What can still be made out, if you look closely enough, is something like "Fro-" and "Galwa-", the ghost of an inscription that once told travellers they were eleven miles from Galway. The stone is easy to miss, and easier still to dismiss as a random field boundary remnant, but it is in fact a carefully dressed 18th-century milestone, trapezoidal in cross-section, with flat even faces and a narrow chamfer along the front margins. The Ordnance Survey knew it well enough to mark it simply as "M.S." on their 1933 six-inch map.

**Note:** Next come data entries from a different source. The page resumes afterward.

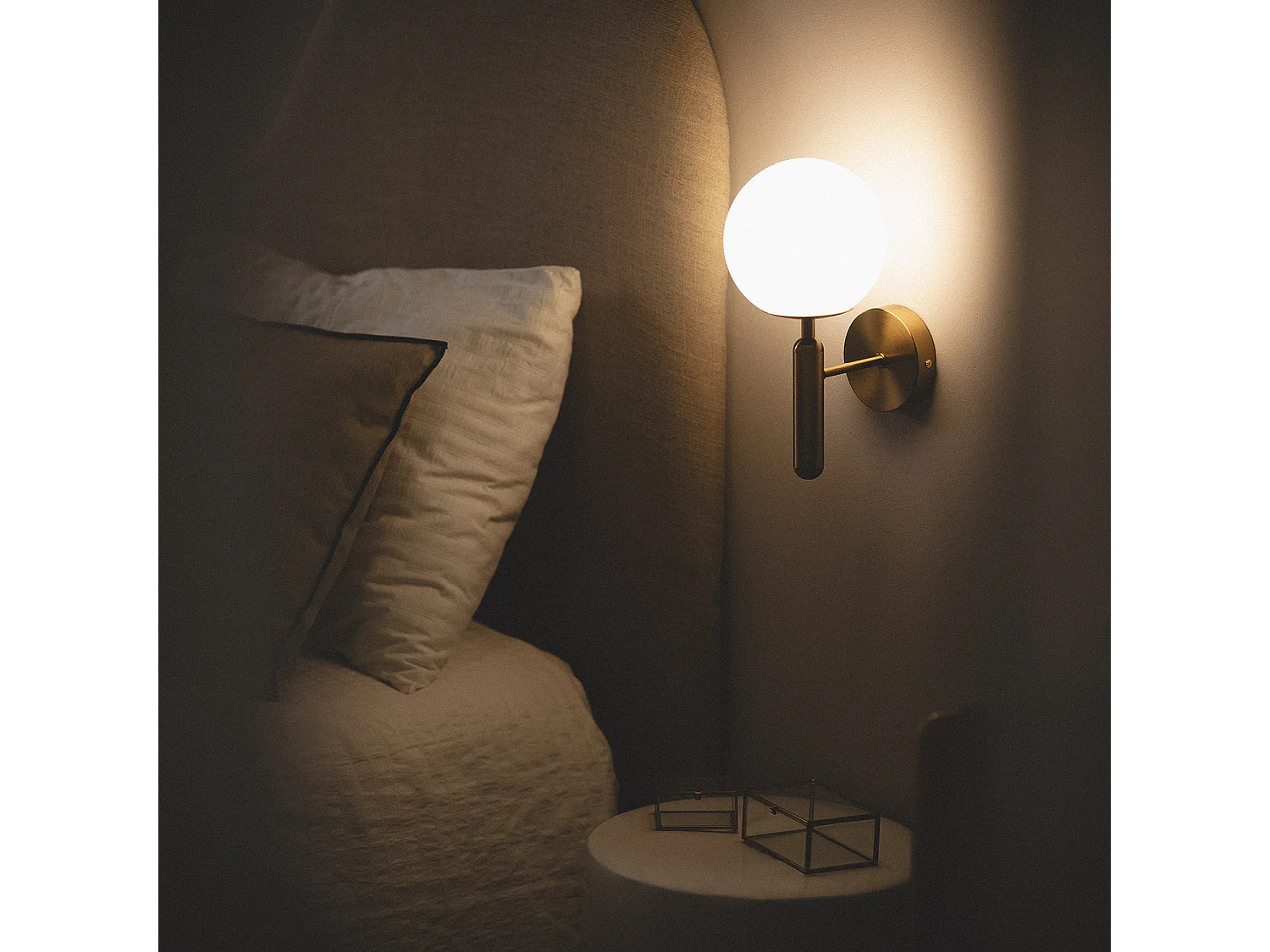 Lámpara de Pared Metal y Cristal Oto Dorado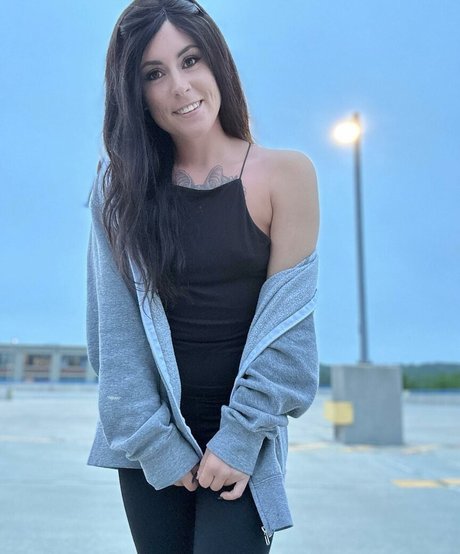 torylovexxx Profile pic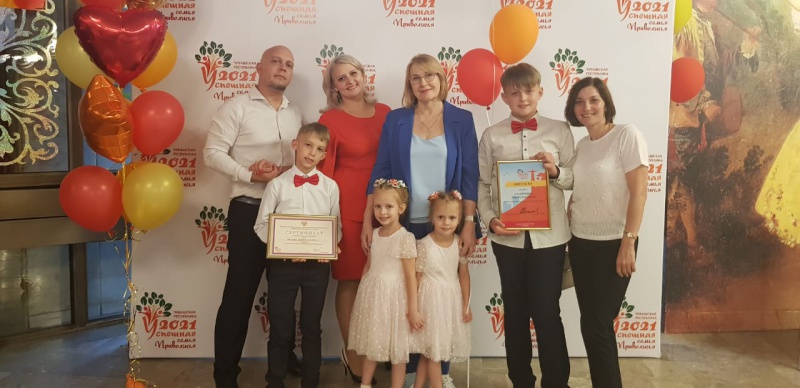 Многодетная семья из Оренбуржья признана самой творческой на конкурсе «Успешная семья Приволжья»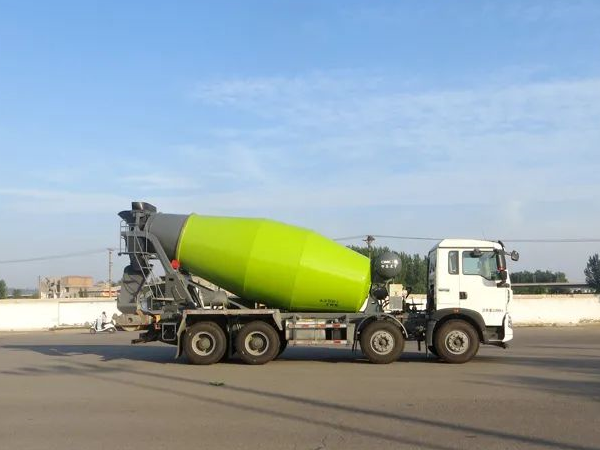 你們要的這款凌宇車國(guó)六攪拌車來了，真的是寶藏！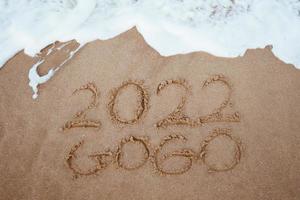 start en ga 2022 op het zand op het strand om volgend jaar het leven te laten zien. achtergrond foto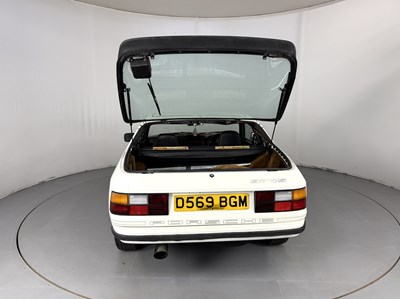 Lot 135 - 1987 Porsche 924S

The milestone belongs to a group of nine that once punctuated the Old Galway Road between Gort and Galway, a route that pre-dates the modern road network and whose markers have been the subject of specialist research by the Ardrahan Heritage Group. Milestones of this kind were typically erected by Grand Jury order in the 18th century, when improving road infrastructure and standardising distances became a practical concern for commerce and administration across Ireland. This particular example is a well-made piece of work: the limestone has been properly dressed, the faces are flat and even, and the trapezoidal form, wider at the back than the front, would have given it stability in the ground. Time and weathering have done considerable damage to the crown and upper front face, a process called spalling, where surface layers of stone flake away under frost, moisture, and exposure, gradually erasing exactly the information the stone was made to preserve.
The nine surviving milestones along this corridor represent a relatively rare intact sequence, and this one, sitting quietly in its grassy verge, retains enough of its original form to be recognisable for what it is. The partially legible inscription, reconstructed as "11 from Galway", places it with reasonable confidence at what would have been the eleventh mile marker on the old road.